Having them work in the slums will be of no consequence. They would only consider it temporary stooping, for which they would fully believe themselves to be all the more ethical and altruistic and would expect some leadership awards.
[And I'm guessing this opinion of mine is probably somehow because I am not yet educated enough and don't understand leadership and don't know the details of the terrible ethical dilemmas (which are certainly worse than anything any staff nurse could ever experience) that they are forced at gunpoint to face up there at the top].
On 11/28/2020 at 11:57 AM, cynical-RN said:If you have to clock-in and out to track your hours at the plantation so that you can perform skills and interventions that are guided by an authoritative figure, you're in a vocation, not profession. Bedside nursing is a trade irrespective of codes, ethics, and oaths. Bedside nurses have zero authority, maybe autonomy to choose interventions in a given rectangle, but if they think and act outside that box, there are punitive consequences, even if they did the right thing.
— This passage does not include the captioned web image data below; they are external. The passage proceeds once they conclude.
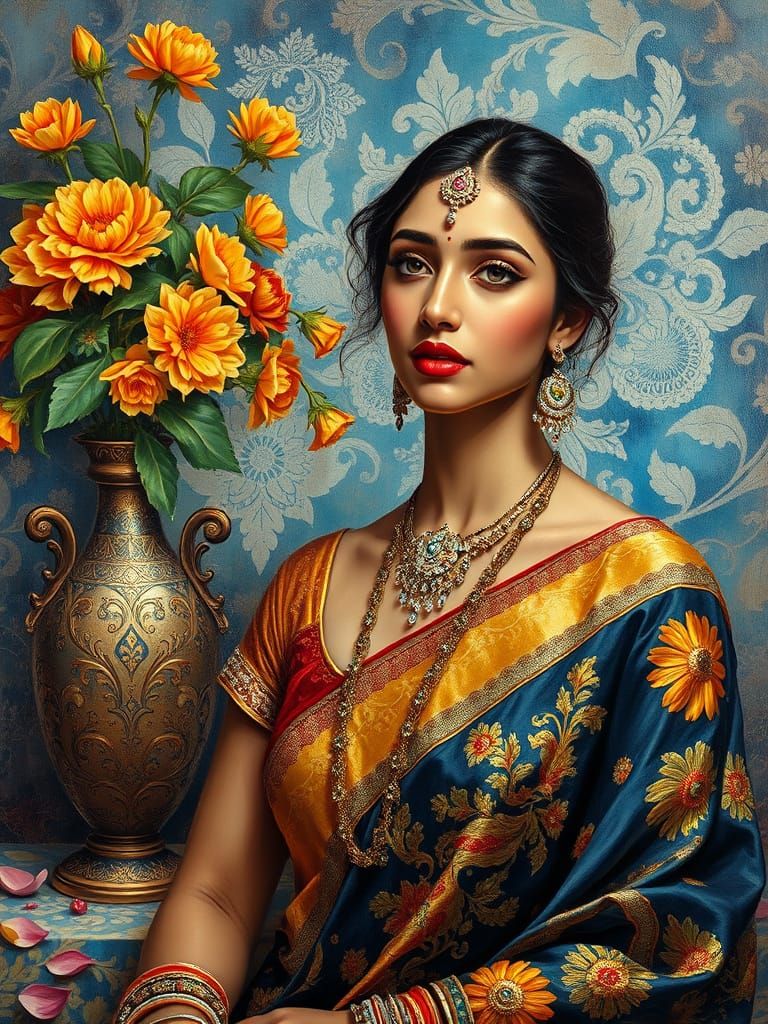 Ethereal Princess in Whimsical Floral Realm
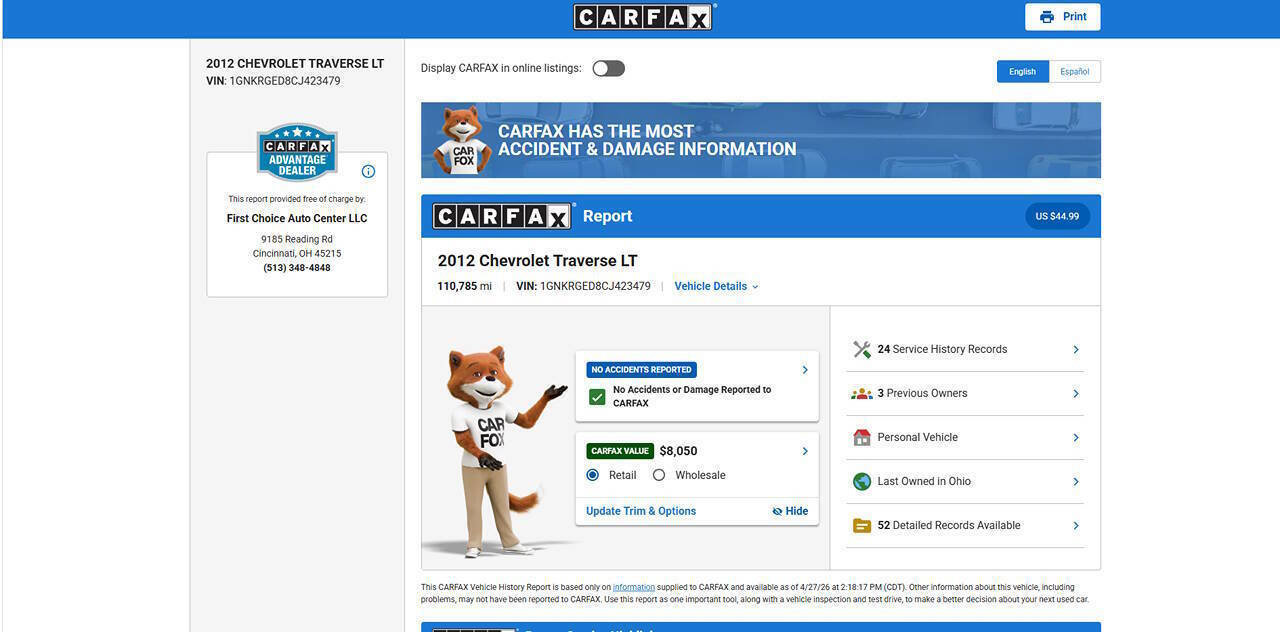 Used 2012 Chevrolet Traverse LT w/ All-Star Edition FWD image 2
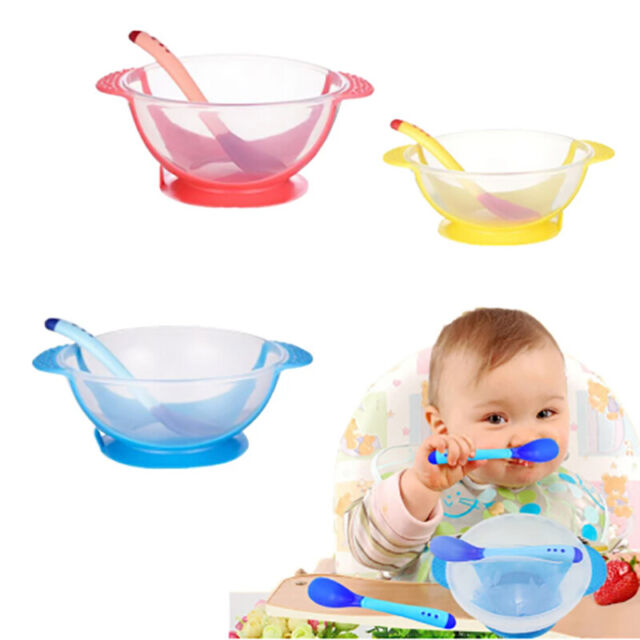 Baby feeding tableware set baby suction cup bowl sense spoon double ear bowl_cd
It's not only allowed, but required as a function of our professional license that we have autonomy to refuse to follow a Physicians instructions when we deem it appropriate.
I don't get even half the number of nasty-grams that the Physicians I work with get telling them they can't do this or that, most of which notable come from nurses, and if they don't abide by that 'authority' then there are punitive consequences. Is Medicine not a profession then?
Hourly vs Salary doesn't define a profession, although if it did, most of the Physicians in my hospital are paid hourly, they don't bill for individual services. So again, they aren't "professionals". The fact that nurses are typically paid hourly is because we're more savvy than those who agree to paid by salary, I went into nursing in large part to get away from salaried work.
MunoRN, RN
8,058 Posts
I would still call those "papers" although in digital format, I should have clarified better.